The vertical axis of FIG. 2 represents the crack length generated on the surface of the test piece on a logarithmic scale, and the horizontal axis represents the number of repetitions N.
As is clear from this figure, the progress process in any strain range can be linearly approximated in the figure by taking a logarithmic scale on the vertical axis. That is, it is apparent from FIG. 2 that the logarithm of the crack length and the number of repetitions can be approximated to a direct relationship.

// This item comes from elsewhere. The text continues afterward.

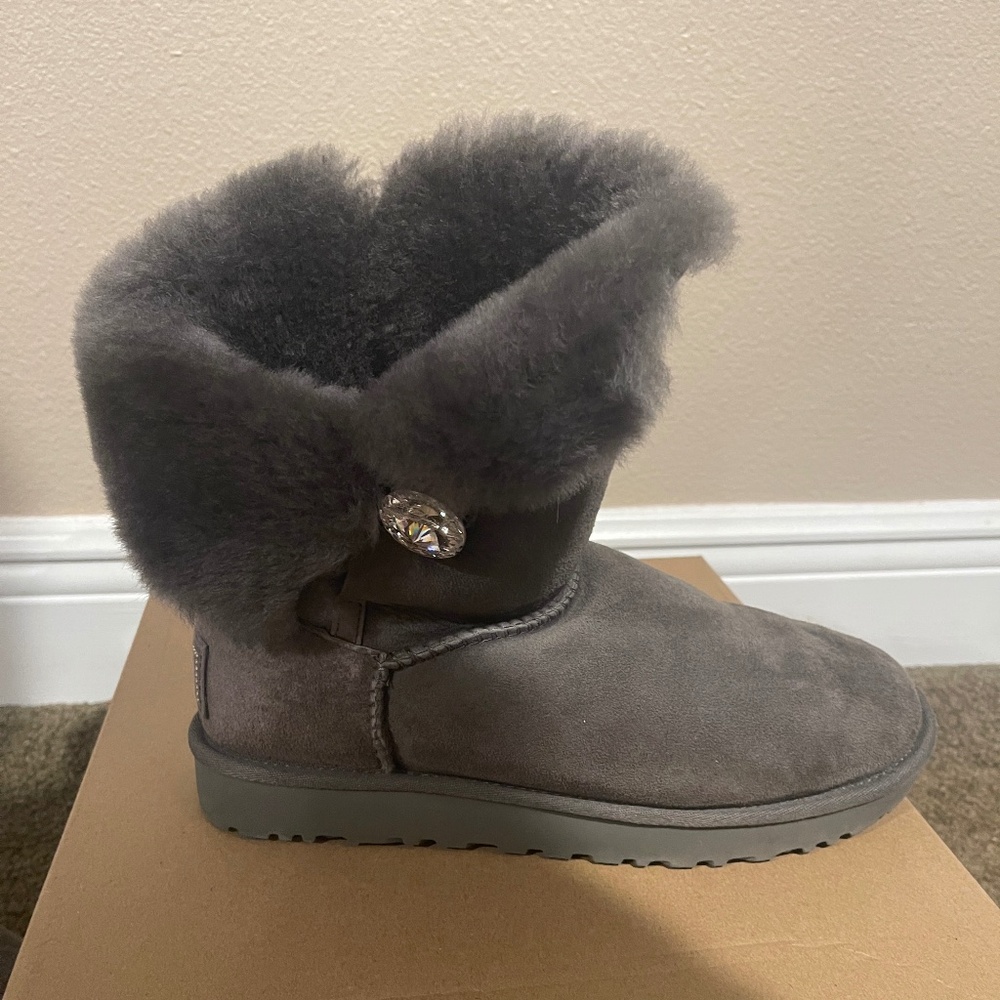 Ugg Bailey Button Bling Boots Women's Size 9 Grey Like New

By the way, the life in a high temperature atmosphere largely depends on the strain rate and the load waveform. Therefore, next, with respect to various load waveforms, the crack progress situation of the aforementioned microcracks will be described with reference to FIG. In this figure, the load load waveform is FF, SS-S, S
-F, F-S, Hold390sec is shown, but
The meaning of each waveform is as follows.

(I) Strain is applied at FF ... = 2 × 10 ⁻³ / sec and oppositely given at the same speed (ii) S−S ... = Strain is added at 5 × 10 ⁻³ / sec and the same speed is applied (Iii) S−F ... Strain is applied at + 5 × 10 ⁻³ / sec in the plus direction and 2 × 10 ⁻⁵ / sec in the opposite direction.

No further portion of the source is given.